If your network isn’t clearly tiered, the root switch should be at least the one closest to the Internet or the servers (whichever gets the most traffic).

8.Port Channel

Port channel is also known as Ether channel, NIC teaming, or link aggregation. Port channel bundles multiple network cables into a single link.  This process does two things for you.  First, it increases the speed of the link between two devices on the network.  If you channel two, 1Gbps ports together, you effectively have one, 2Gbps connection.

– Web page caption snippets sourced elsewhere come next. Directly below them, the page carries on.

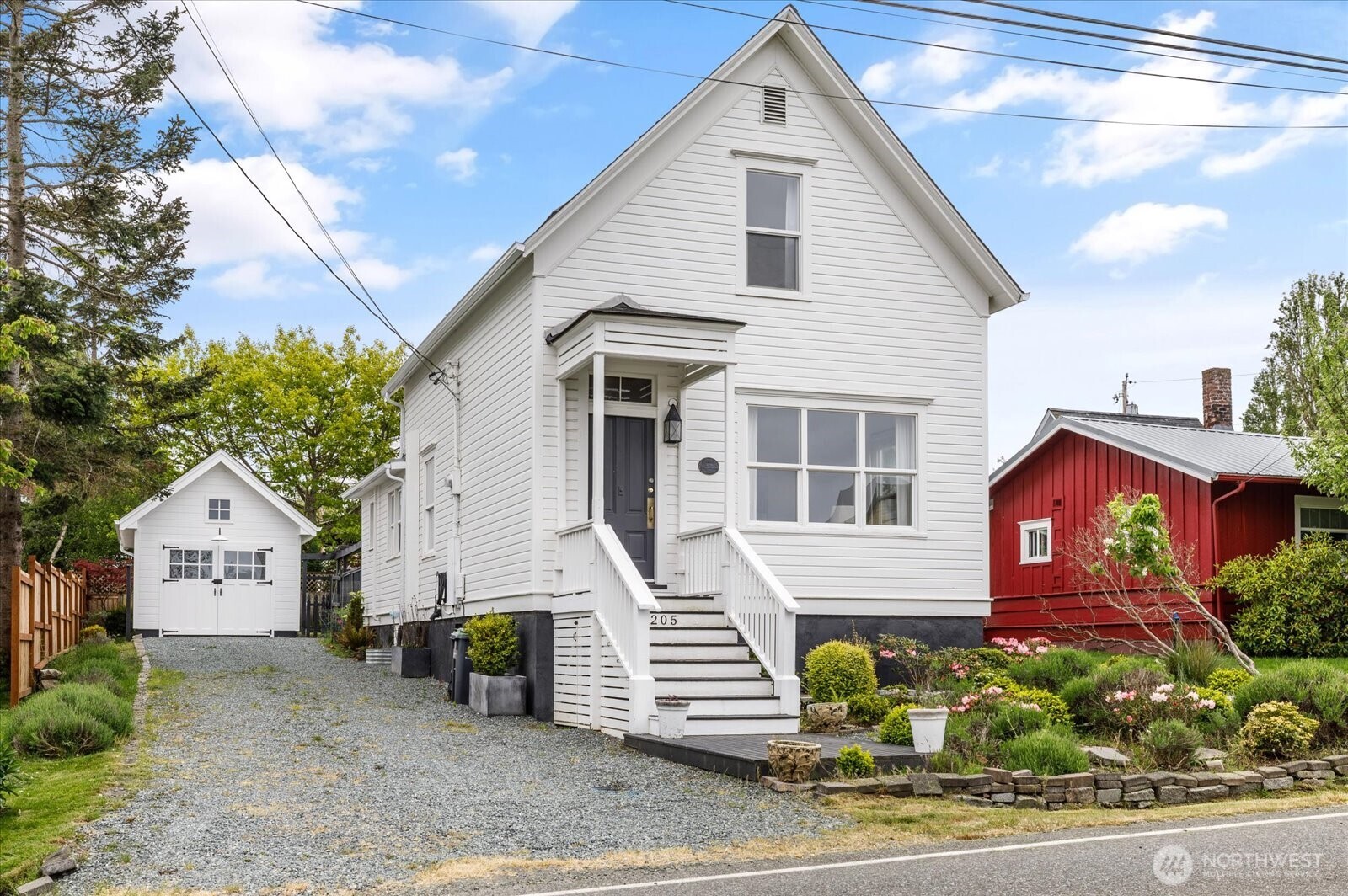 205 NE 9th Street , Coupeville, WA 98239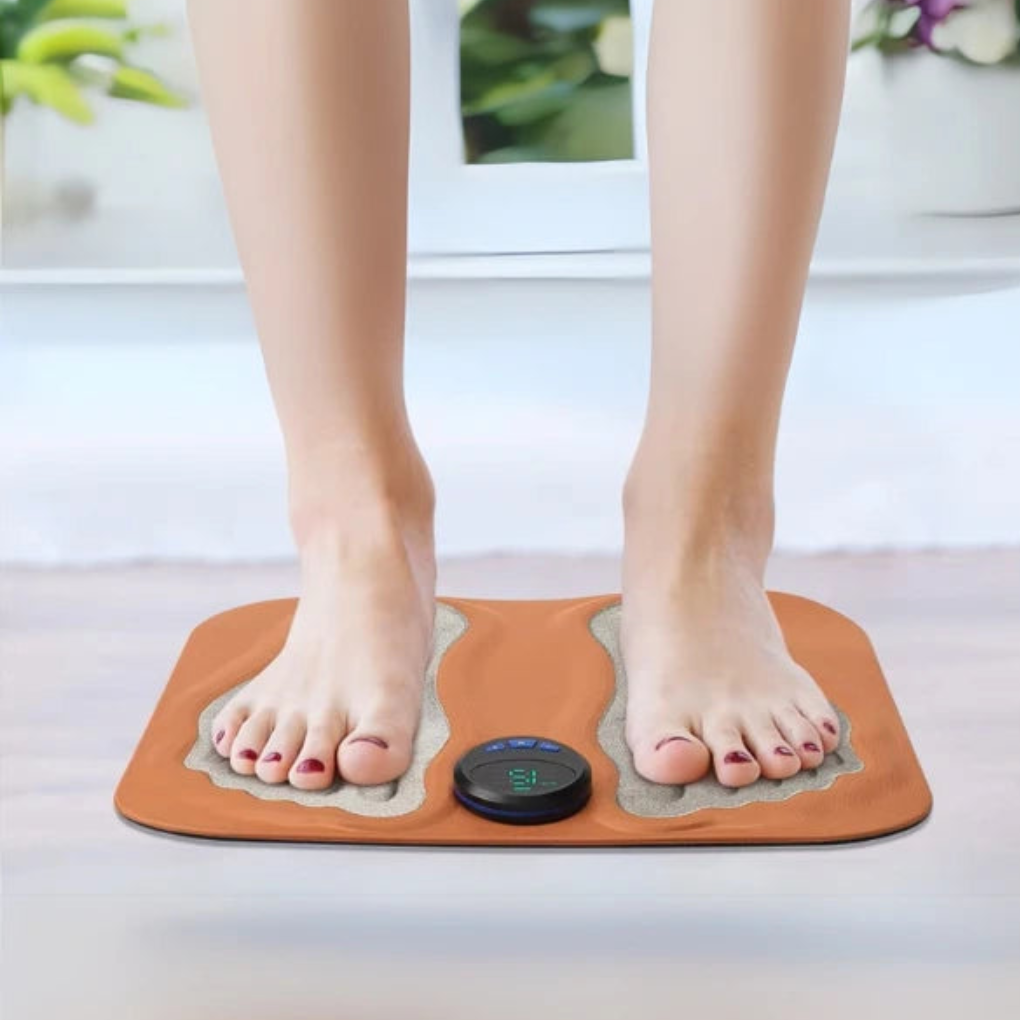 Olvoria | EMS Foot Stimulation Mat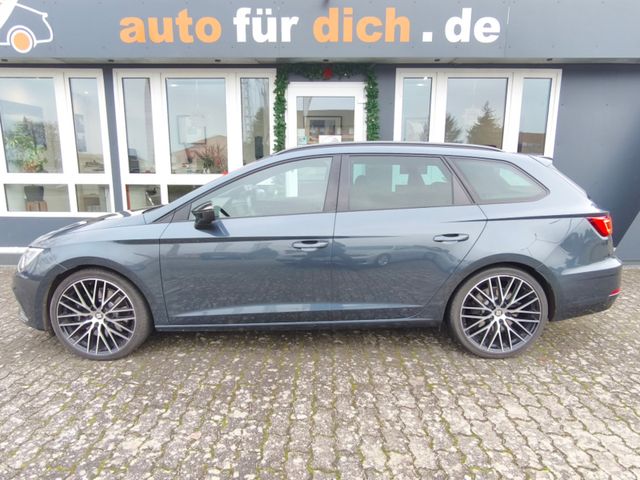 Seat Leon Cupra 290*DSG*Navi*LED*SHZ*PDC*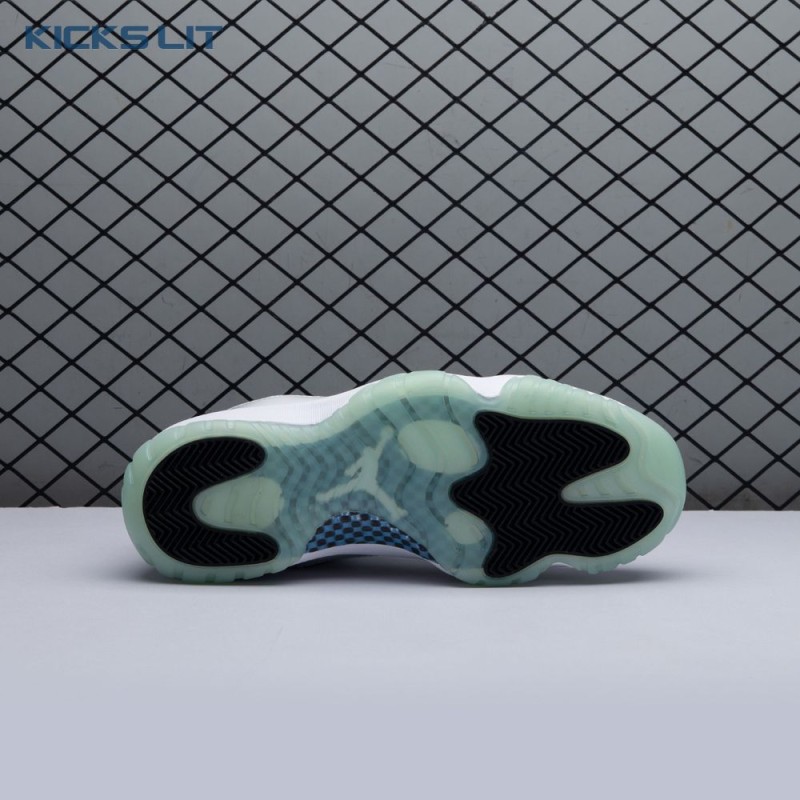 Jordan 11 Retro Low Legend Blue AV2187-117 Men's Jordan 11 Retro Low Legend Blue AV2187-117 Men's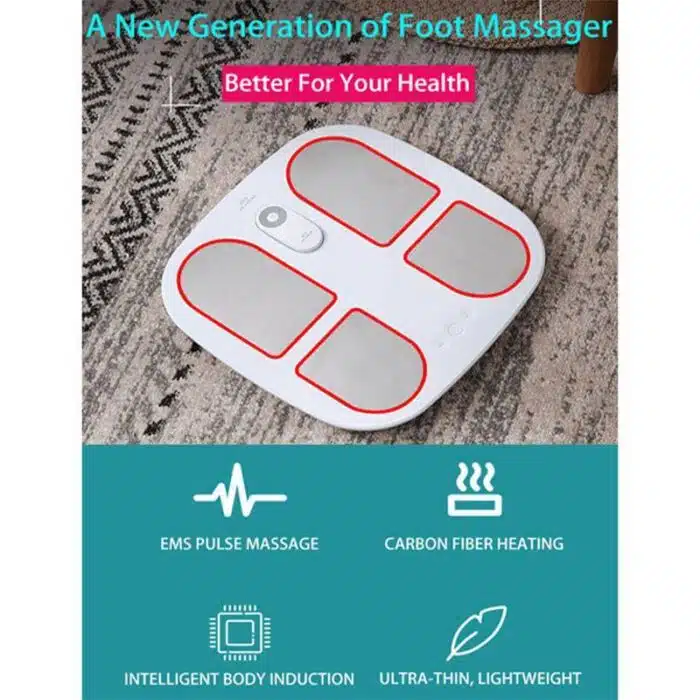 ماساژور پا هژنگ مدل HEZHENG HZ-IFT-1 FOOT MASSAGER HZ-IFT-1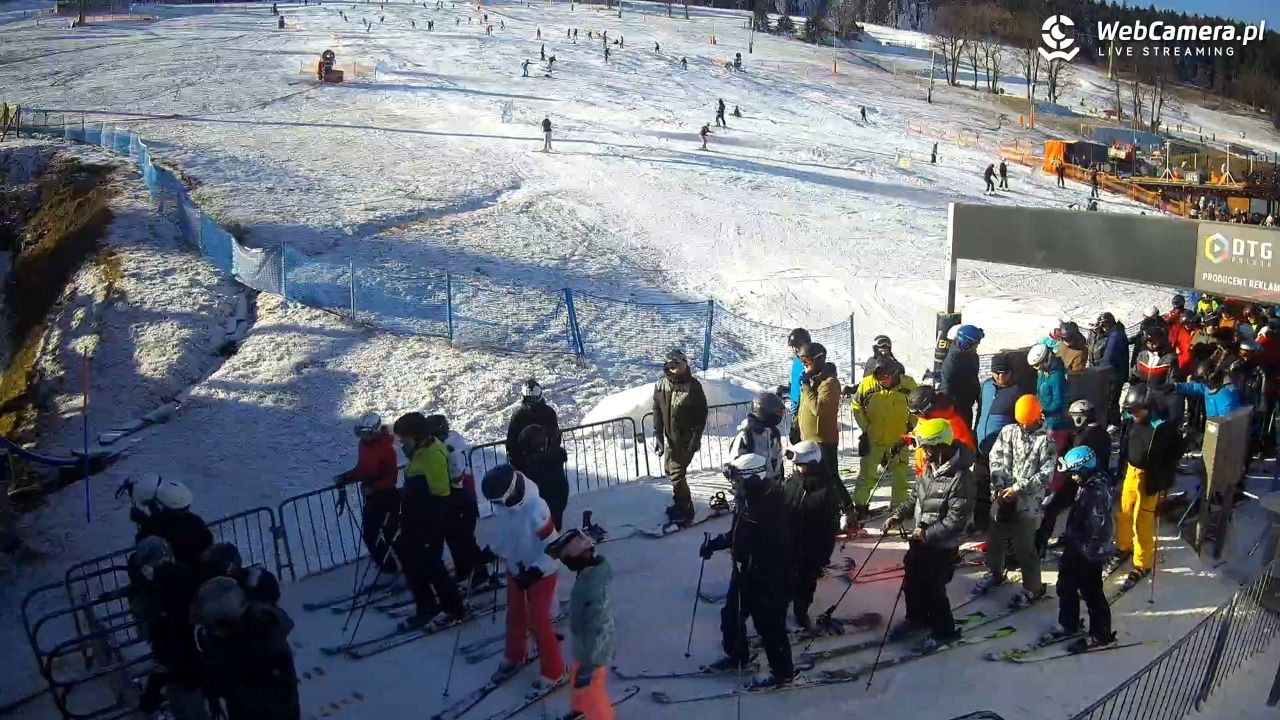 Zieleniec Sport Arena - Winterpol W3 dolna stacja - 27 grudzień 2025, 12:10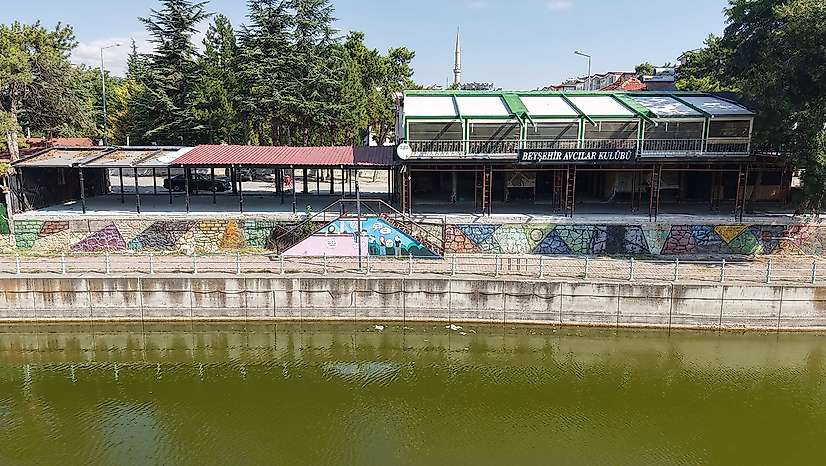 Beyşehir'den emekli vatandaşlara vefa
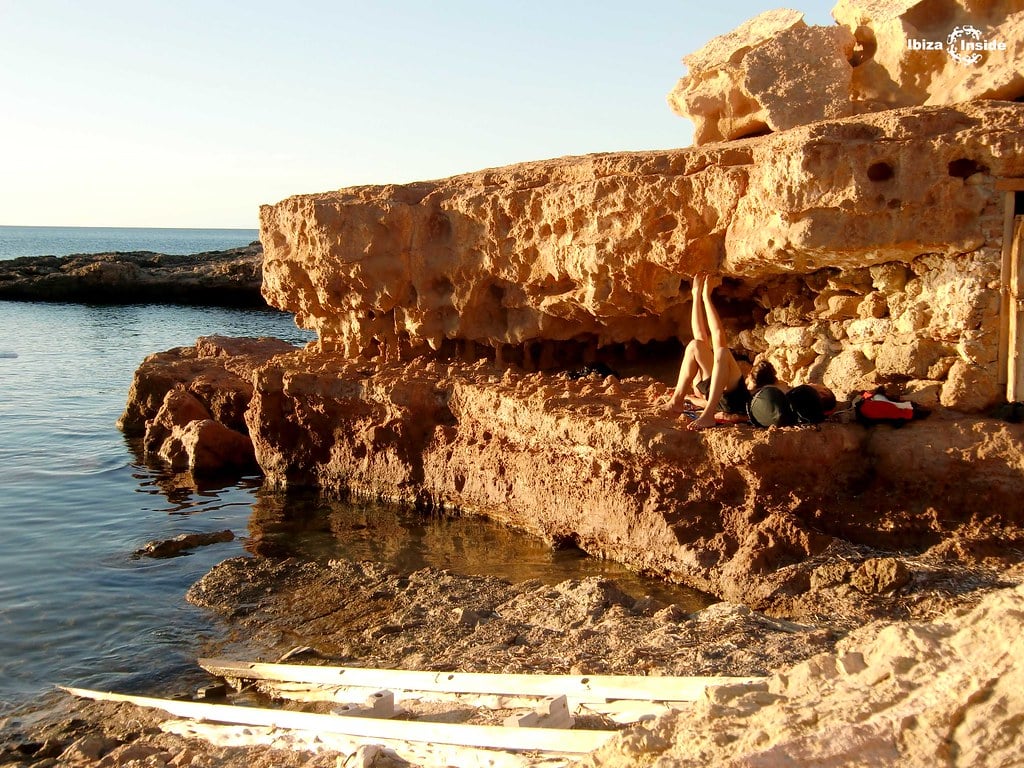 S'illot d'es Rencli - Ibiza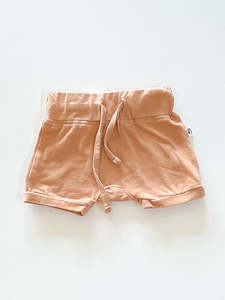 Burrow Be: Burrow & Be organic drawstring shorts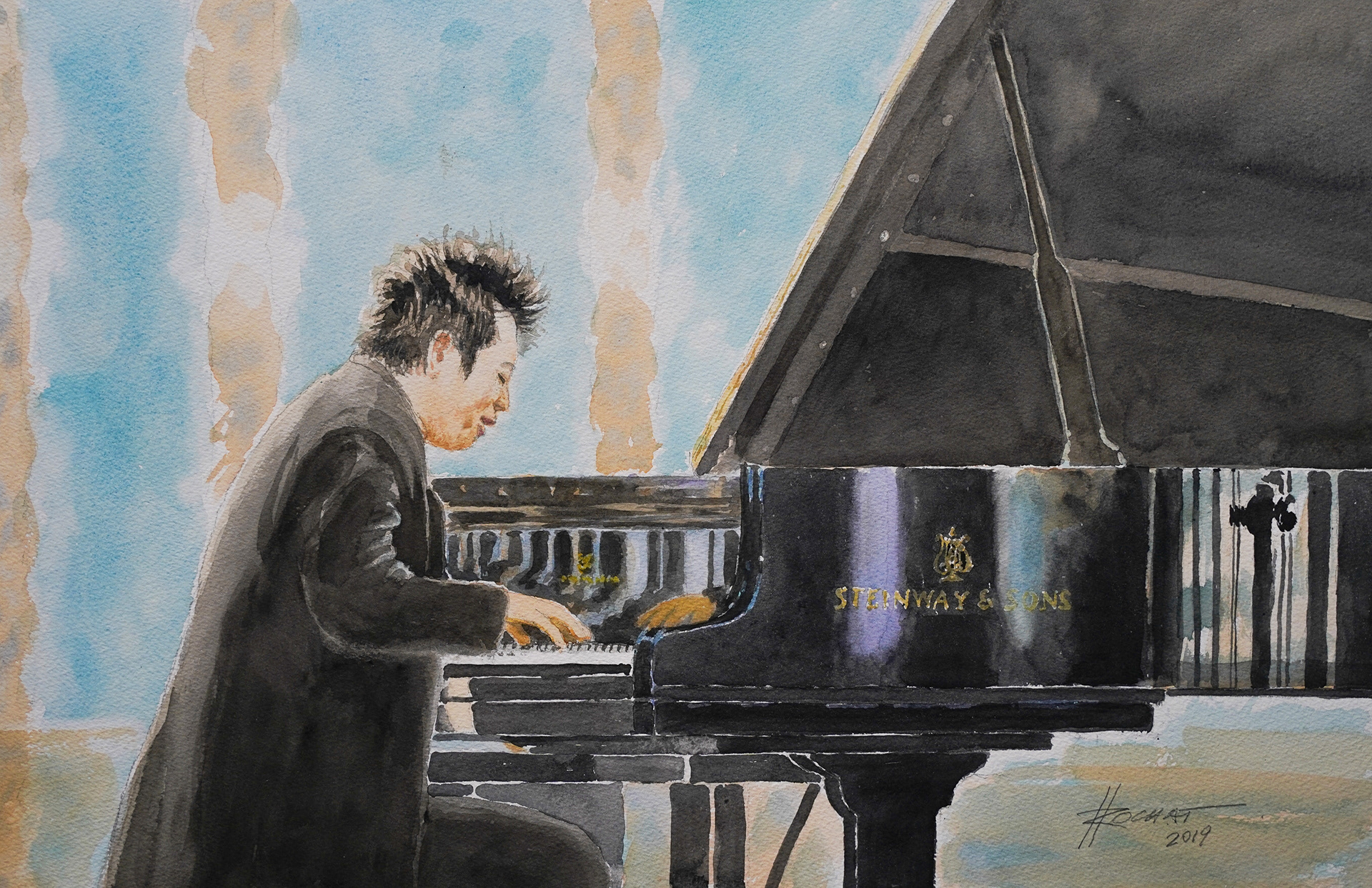 Lang Lang Paris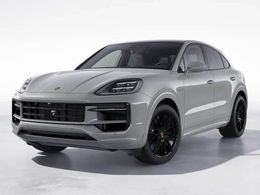 Porsche Cayenne S E-Hybrid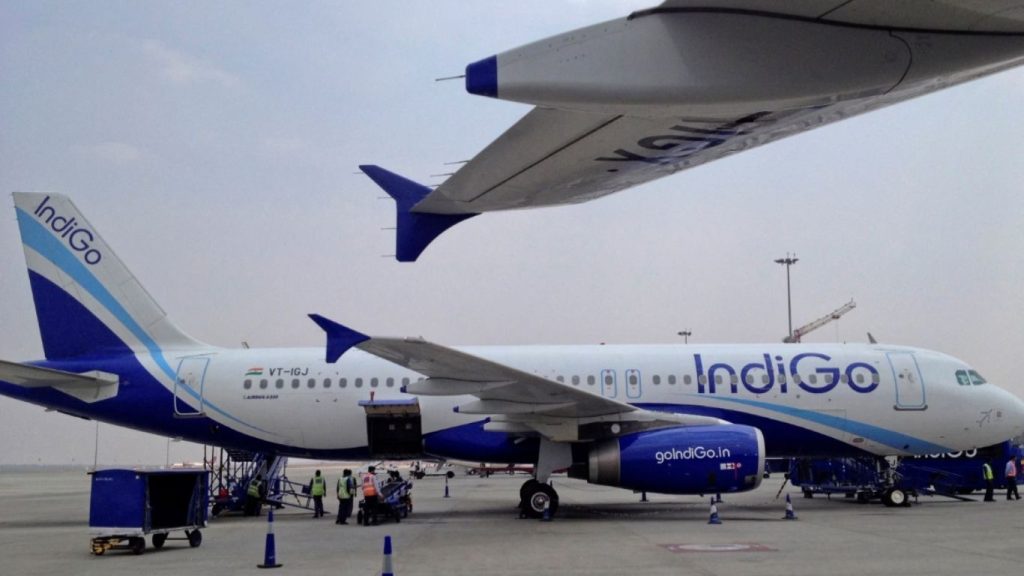 Indigo Cancels 500 More Flights Passenger Chaos Share Price Drop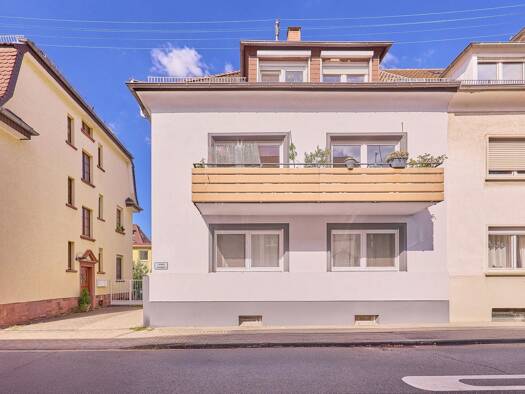 Mehrfamilienhaus zum Kauf 890.000 € 9 Zimmer 222 m² 323 m² Grundstück Rohrbach Heidelberg 69126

Second, it provides redundancy.  This configuration doesn’t require all configured ports to be active.  So, if a port fails, or you have a bad cable, the connection doesn’t drop, you simply have a lower speed.  While this is a degraded state, it is still active and operational.


Today, wireless access is very popular because it alleviates costly wiring.  However, it is inherently very insecure.  Modern wireless has become more secure, but broadcasting your data through the air in every direction still has major security concerns.  The most secure way to implement a wireless solution is to allow Internet only access to wireless users.  This method would require employees to use a VPN to connect back into work if using wireless.  The employees are using an encrypted tunnel to transmit sensitive information.

And remember that you are still responsible for the activity on the network.  It is vital to set up web filters and firewalls to make sure that your network isn’t being used for nefarious activities.

10.Port Security

Most small and medium business switches have a feature called port security.  This feature only allows a particular computer or multiple computers to use that port on the switch.  If the switch notices a violation, the switch can disable the port, shutting off network access.  While this feature is implemented in typically only very secure environments, it is still a good idea to consider.  This method isn’t always feasible for small businesses or organizations that have shared workspace.

11.Physical Security

Physical security doesn’t fall into the logical network design, but if you are fortunate enough to help design a workspace or office layout, it is very important.  Companies need to set physical security for all network hardware and mobile devices.  Only employees who need to access the hardware should have access to it.  Proximity cards, keyed locks, fingerprint readers, PIN pads, retina scanners are all examples of physical security technologies.  While the level of security and the amount of money available to secure the network will vary greatly, this is an area that needs attention.

Physical access to devices can give an intruder sensitive information about encryption schemes, network layout, IP addressing and even usernames and passwords.  All of these make a more advanced attack on your network much easier at a later date.

What are You Doing to Make it More Difficult for Hackers to Access Your Data?

Designing the network that works well for your company can be challenging. However, by following best practices and planning around security and efficiency, the design of the network can fall into place almost effortlessly.  Implementing any of these suggestions will add another layer of security to your network.

What are you doing to make it more difficult for hackers to access your data?